Iraqi episode provides a powerful advantage ON POLITICS

Jack W. Germond & Juiles Witcover

July 29, 1992|By Jack W. Germond & Juiles Witcover

WASHINGTON -- In President Bush's handling of the latest mini-crisis in Iraq, Democratic presidential nominee Bill Clinton and Democratic congressional leaders are expressing firm support. House Speaker Thomas Foley, for one, says he doesn't see "any evidence" that the president, sinking in the polls, is playing domestic politics with the situation in this election year.

Nevertheless, with Saddam Hussein finally accepting U.N. inspection of a Baghdad ministry suspected of housing papers on development of weapons of mass destruction, the president has wasted no time crowing about how he has once again faced down the "Baghdad bully" who "caved in" to his resolute posture.

The episode has provided an opportunity to bring foreign policy back into a presidential campaign in which the focus all year on domestic policy has sent the president reeling. Up to now, the Bush campaign has been reluctant to play the foreign-policy political card because the long-term results of Bush's short-term triumph in Operation Desert Storm have given him little to brag about.

Indeed, Saddam Hussein's continued reign in Baghdad, and his repeated violations of provisions of the U.N. resolution that brought about a cease-fire in the Persian Gulf War, have been an embarrassing reminder of Bush's decision to end the fighting without driving the Iraqi strongman from power.
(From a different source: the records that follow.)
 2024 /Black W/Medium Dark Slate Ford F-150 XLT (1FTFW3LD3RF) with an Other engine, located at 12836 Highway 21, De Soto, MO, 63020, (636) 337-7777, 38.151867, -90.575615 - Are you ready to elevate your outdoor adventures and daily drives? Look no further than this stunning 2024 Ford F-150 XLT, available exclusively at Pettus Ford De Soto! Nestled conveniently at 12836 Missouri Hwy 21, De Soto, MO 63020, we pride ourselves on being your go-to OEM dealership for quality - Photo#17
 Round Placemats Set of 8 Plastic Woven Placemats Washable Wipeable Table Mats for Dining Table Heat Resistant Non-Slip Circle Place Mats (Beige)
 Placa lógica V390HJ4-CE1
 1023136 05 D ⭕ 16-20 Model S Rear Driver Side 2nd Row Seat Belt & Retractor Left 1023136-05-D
But the political reality of Bush's plight at home has clearly persuaded him to seize this obvious chance to shift voter attention to the one area of presidential responsibility in which he has received the highest grades overall, and in which Clinton has such sparse credentials.
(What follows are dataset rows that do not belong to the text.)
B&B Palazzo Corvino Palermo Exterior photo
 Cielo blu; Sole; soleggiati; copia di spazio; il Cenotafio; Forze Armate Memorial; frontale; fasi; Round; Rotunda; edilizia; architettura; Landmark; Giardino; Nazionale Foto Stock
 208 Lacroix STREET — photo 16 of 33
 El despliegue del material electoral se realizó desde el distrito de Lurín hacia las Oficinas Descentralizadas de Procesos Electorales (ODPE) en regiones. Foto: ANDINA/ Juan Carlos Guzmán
Having pledged not to attack Clinton on the issue of personal character, the president instead is asking voters to consider which of the party nominees can be trusted in the clutch. When the White House phone rings late at night asking for instructions on "how we should stand up to a bully halfway around the world," Bush intoned to an audience in Michigan the other day, "the American people need to know that the man who answers that phone has the experience, the seasoning, the guts to do the right thing. I believe I have proved I am that man."

That is powerful stuff, especially when running against an opponent whose elected responsibilities have not extended beyond the borders of Arkansas. And the Democrats will be naive if they doubt that such bravado rhetoric will not be heard increasingly as the election approaches.

Indeed, although Democratic leaders say now they see no evidence of the president's playing politics with the situation, Bush in referring to a "pattern of willful non-compliance" toward various aspects of the U.N. resolution has the wherewithal to keep Saddam on the griddle, to his political advantage, all through the fall campaign.

But the situation has its downside as well. Any use of American forces during the campaign could be seen as politically motivated, and could backfire if such use went awry, resulting in serious American casualties or failing once again to bring Saddam to heel.

Still, there is always the possibility that, in the closing days or hours of a campaign, an incumbent president seeking re-election and unsure of the outcome will generate a foreign-policy crisis or other development to gain advantage. It has happened.

In the days before Richard Nixon was re-elected in 1972, his secretary of state, Henry Kissinger, declared that "peace is at hand" in a flurry of negotiations to end the fighting in Vietnam. In 1980, the Republicans feared that Jimmy Carter would obtain release of long-held American hostages in the Middle East in the closing hours of his campaign against Ronald Reagan. So they set up a watch for an "October Surprise" that never came. In fact, some Democrats have accused the Republicans of striking a deal with Iranian leaders to block release of the hostages until after that election.

If George Bush is trailing in October and has only his foreign-policy card to play as the hour of voter decision approaches, Democrats no doubt will be nervously watching to see if this year's "October Surprise" turns out to be the use of force against Saddam.